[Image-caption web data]

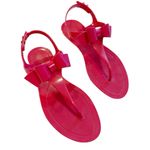 VALENTINO GARAVANI Red Bow Jelly‎ Sandals Size 38 Photo 1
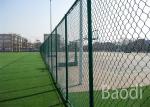 Vinyl Coated Chain Link Fence Fabric Roll , Chain Wire Mesh Fencing With Long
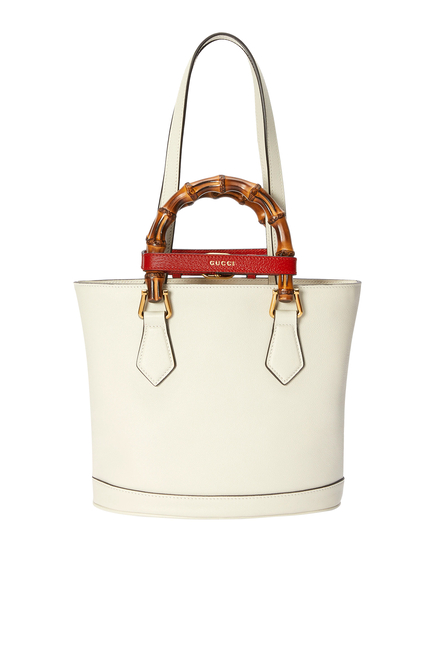 Diana Small Leather Tote Bag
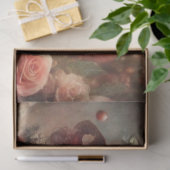 Fancy Pink Floral Shabby Chic Cat Decoupage  Tissuepapier (Geschenk)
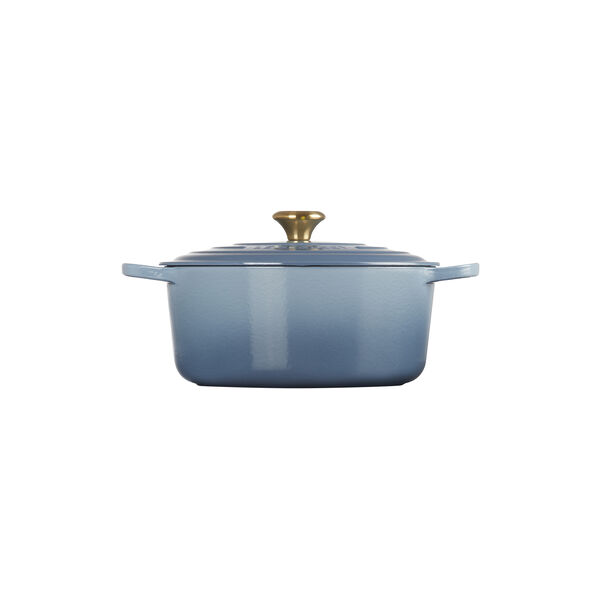 Signature rund st&oslash;bejernsgryde &Oslash; 28 cm, chambray, Le Creuset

WORK REQUIRED
Exclude all pictures and return precisely the lines from the one containing "Vinyl Coated Chain" through the closing line of the data.

ANSWER TO THE EXERCISE
 Vinyl Coated Chain Link Fence Fabric Roll , Chain Wire Mesh Fencing With Long
 Diana Small Leather Tote Bag
 Fancy Pink Floral Shabby Chic Cat Decoupage  Tissuepapier (Geschenk)
 Signature rund st&oslash;bejernsgryde &Oslash; 28 cm, chambray, Le Creuset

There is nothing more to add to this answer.